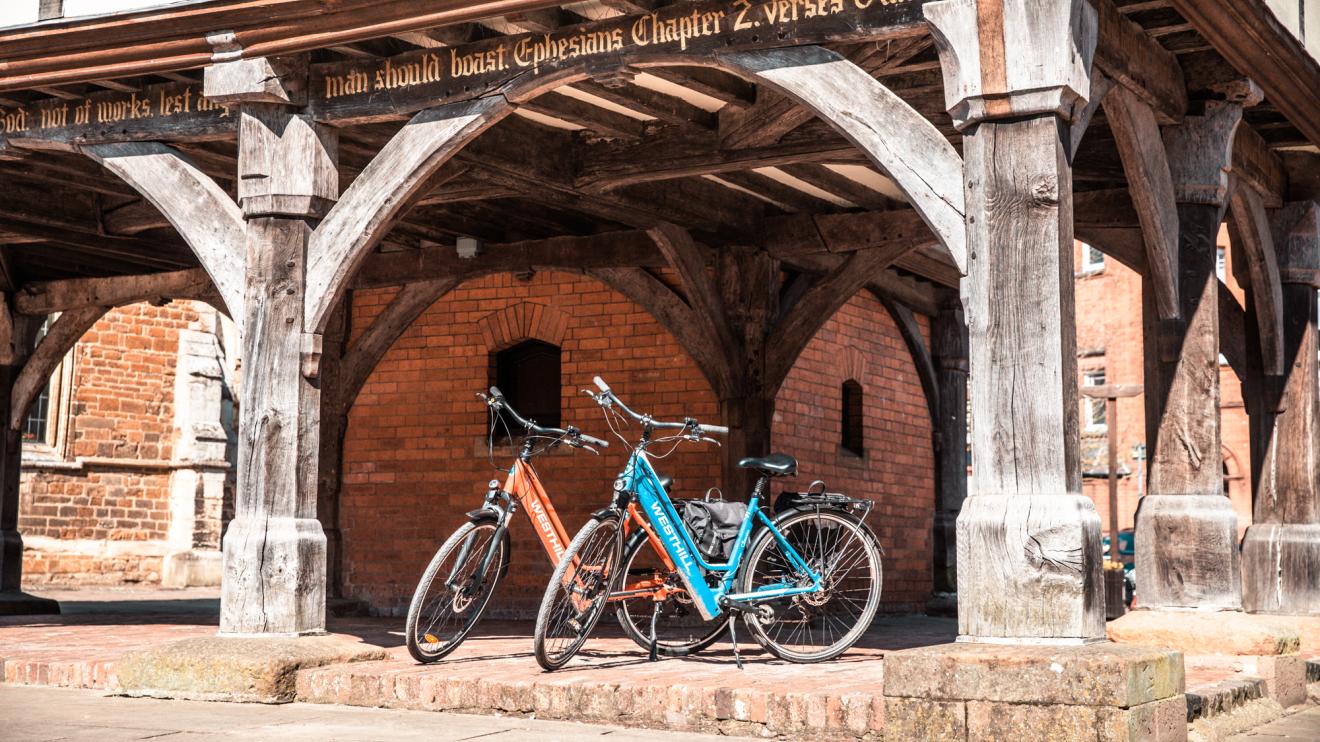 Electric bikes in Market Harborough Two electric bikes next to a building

...

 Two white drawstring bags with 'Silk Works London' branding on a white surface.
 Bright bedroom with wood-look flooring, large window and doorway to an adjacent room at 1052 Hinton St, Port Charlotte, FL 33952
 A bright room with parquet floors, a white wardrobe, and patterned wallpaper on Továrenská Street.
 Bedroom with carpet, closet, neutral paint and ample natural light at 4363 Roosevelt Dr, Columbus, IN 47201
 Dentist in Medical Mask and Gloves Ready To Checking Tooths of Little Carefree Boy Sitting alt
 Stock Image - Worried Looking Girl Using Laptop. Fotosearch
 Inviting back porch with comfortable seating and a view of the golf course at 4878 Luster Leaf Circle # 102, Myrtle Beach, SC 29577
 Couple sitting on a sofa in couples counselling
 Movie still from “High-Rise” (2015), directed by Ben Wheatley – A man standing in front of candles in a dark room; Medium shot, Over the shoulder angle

TASK TO CARRY OUT –
Find the line with "Inviting back porch" in the entries above. Retype it and each line after it, exactly, through the line with "Movie still from", and stop there.

EXERCISE ANSWER –
 Inviting back porch with comfortable seating and a view of the golf course at 4878 Luster Leaf Circle # 102, Myrtle Beach, SC 29577
 Couple sitting on a sofa in couples counselling
 Movie still from “High-Rise” (2015), directed by Ben Wheatley – A man standing in front of candles in a dark room; Medium shot, Over the shoulder angle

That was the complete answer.